Undoubtedly, unmodeled dynamical scattering contributes to reduce accuracy and worsen agreement factors. Protein structures are currently too complex for a full dynamical refinement,[101,102,105] but recently a statistical correction for estimating dynamical scattering has been proposed.[35] This procedure allows a small, but significant, improvement of the models. For instance, in the case of lysozyme nanocrystals, this statistical correction resulted in a reduction of Rcomplete from 29% to 26%.[35,41]

We conclude that the electron diffraction of protein crystals may yield structural information that is almost as good as what can be achieved with X-ray diffraction, while requiring diffracted volumes that can be reduced by up to 6 orders of magnitude. However, several theoretical and experimental problems remain to be fully answered, and for general applications it will be indispensable to develop alternative phasing methods that do not rely on molecular replacement.

Outlook

This paper outlines the strengths of electron crystallography for the analysis of nanocrystalline materials and the advances this technique experienced in the past decade. The impressive numbers of crystal structures determined by 3D ED in any domain of materials and life sciences testify to how advanced and powerful this method has become by now.

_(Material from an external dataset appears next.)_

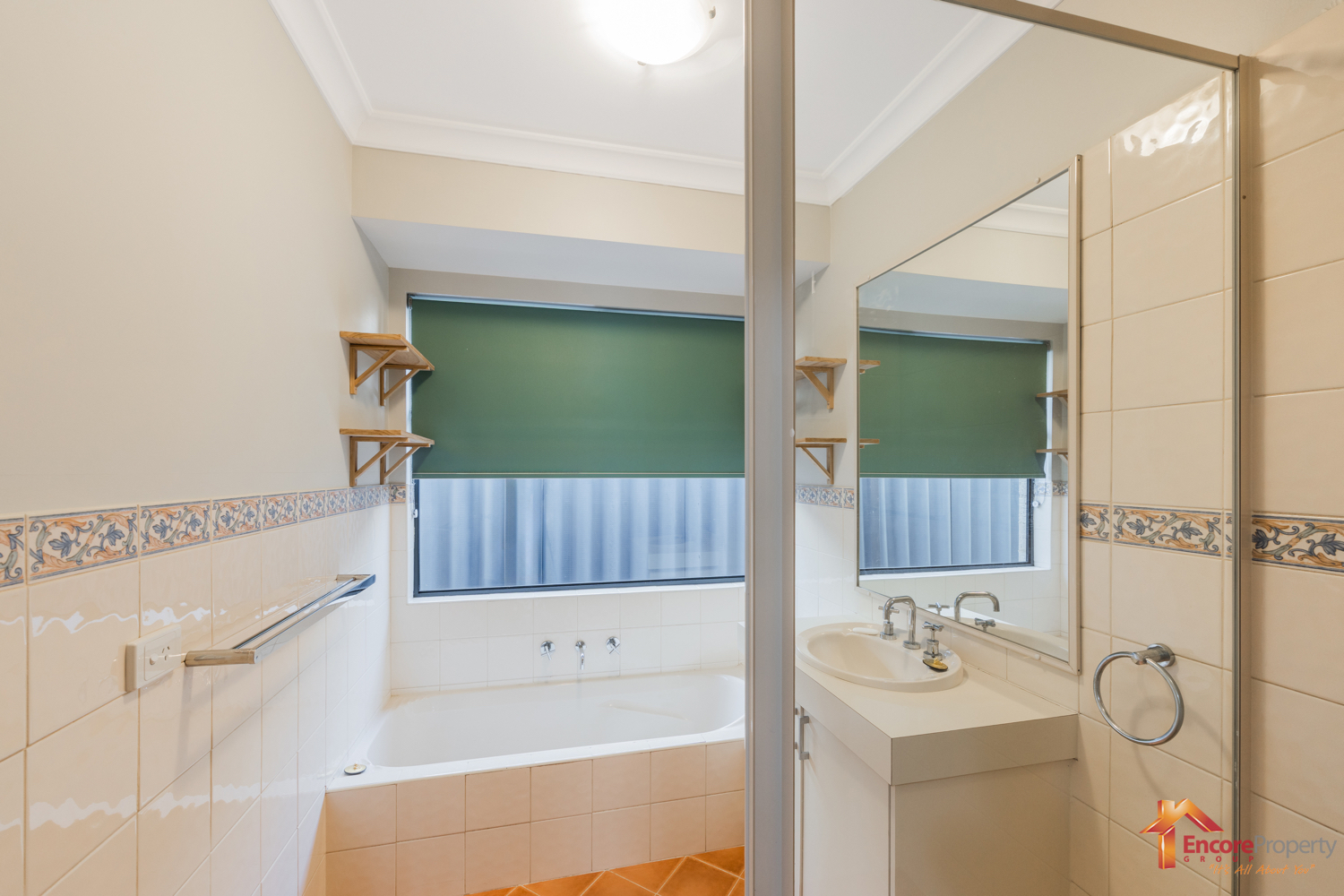 7 Cote D'Azur Gardens, PORT KENNEDY, WA 6172 AUS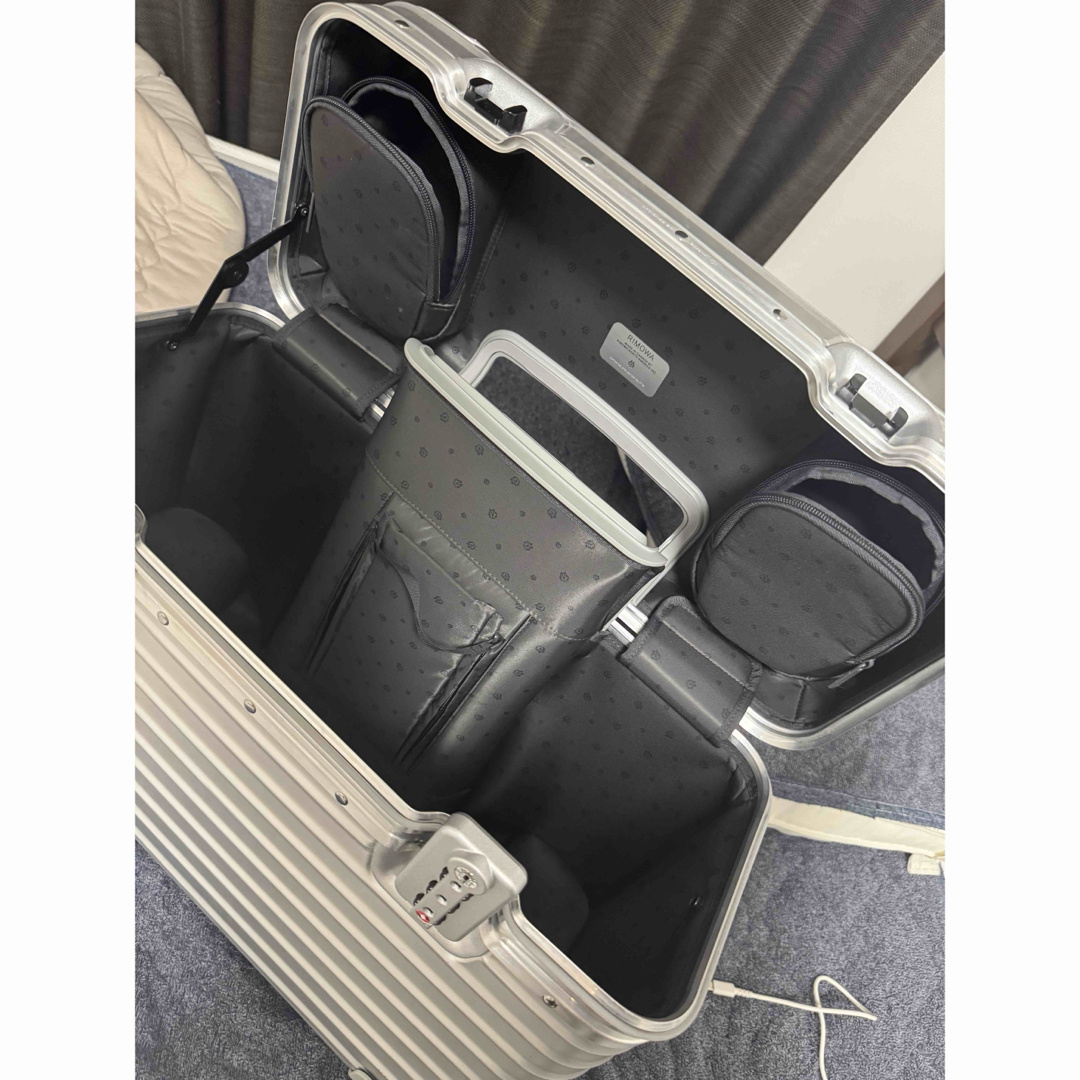 RIMOWA - リモワ パイロット キャリーケース スーツケースの通販 RIMOWA - リモワ パイロット キャリーケース スーツケースの通販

Robust and reliable protocols have been developed for ED data acquisition based on different approaches: sequential stage tilt with electron beam precession, combined stage-beam tilt, and continuous stage rotation. A common line for the data processing has been established using either dedicated programs for electron diffraction or modified X-ray packages. Most existing structure analysis and phase retrieval methods were successfully tested with 3D ED data. Meanwhile, the amount of structures characterized by 3D ED is continuously growing, including new complex material systems like proteins.

Taken together, 3D ED is rapidly gaining ground. The remaining steps concern the availability of dedicated instruments optimized for 3D ED. TEM is designed as imaging instruments, and their illumination systems and sample stages are not part of an electron diffractometer, which should provide 3D ED data on nanocrystals of any beam sensitivity. The mechanical stability of the sample stages should be improved to reduce the sample movement during tilt. The instruments should be equipped with single-electron detectors for diffraction, and the illumination system should provide parallel nanobeams smaller than 100 nm. The crystal search should be completely automatized with the possibility of performing ED in low dose conditions. Once such instruments will be available, 3D ED will be the gold standard every time the grain size goes beyond the micron size.

The overview that is provided in this Outlook aims to inform the research community beyond the current users of the method. Thereby, we encourage the outreach of 3D ED toward new materials and new scientific topics, and we foster cooperation among diverse research fields, such as materials and life sciences.